Limitations of GCC Optimization
While powerful, GCC cannot optimize everything because it doesn’t have the same level of understanding of the code’s intent as the programmer.
Example:
int char_sum(char *s) {
int sum = 0;
for (size_t i = 0; i < strlen(s); i++) { // Bottleneck: strlen called in each iteration
sum += s[i];
}
return sum;
}
The bottleneck here is calling strlen(s) in every loop iteration. A programmer knows that the length of the string s does not change within the loop, and can manually optimize this by calculating the length once before the loop. While GCC might apply code motion to move strlen out of the loop in some cases, it cannot always guarantee this due to potential side effects or aliasing.
Another example:
void lower1(char *s) {
for (size_t i = 0; i < strlen(s); i++) { // Bottleneck: strlen called in each iteration
if (s[i] >= 'A' && s[i] <= 'Z') {
s[i] -= ('A' - 'a');
}
}
}
Again, strlen(s) is called repeatedly. GCC cannot move strlen out of this loop because the string s is being modified within the loop. Although the modification doesn’t change the string’s length, GCC cannot assume this. A programmer, knowing this, can manually optimize by calculating the length once before the loop.
Caching
Program performance is not solely limited by processor speed; memory access can be a significant bottleneck. Computer systems use a hierarchy of memory levels, ranging from very fast (registers) to very slow (disk). Data that is used more frequently is moved to faster memory levels.

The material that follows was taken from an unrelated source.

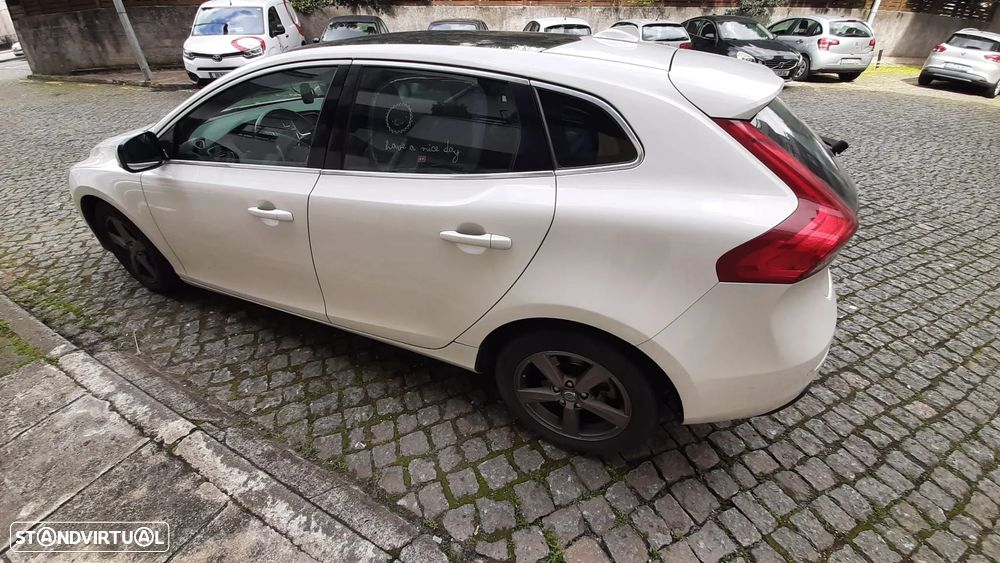 Volvo V40 D2 Momentum - 2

Caching relies on locality:
- Temporal locality: Data that has been accessed recently is likely to be accessed again soon (co-located in time).
- Spatial locality: Data located near recently accessed data is also likely to be accessed (co-located in space).
A high cache hit rate is crucial for performance. Even a small percentage of cache misses can significantly impact the total memory access time.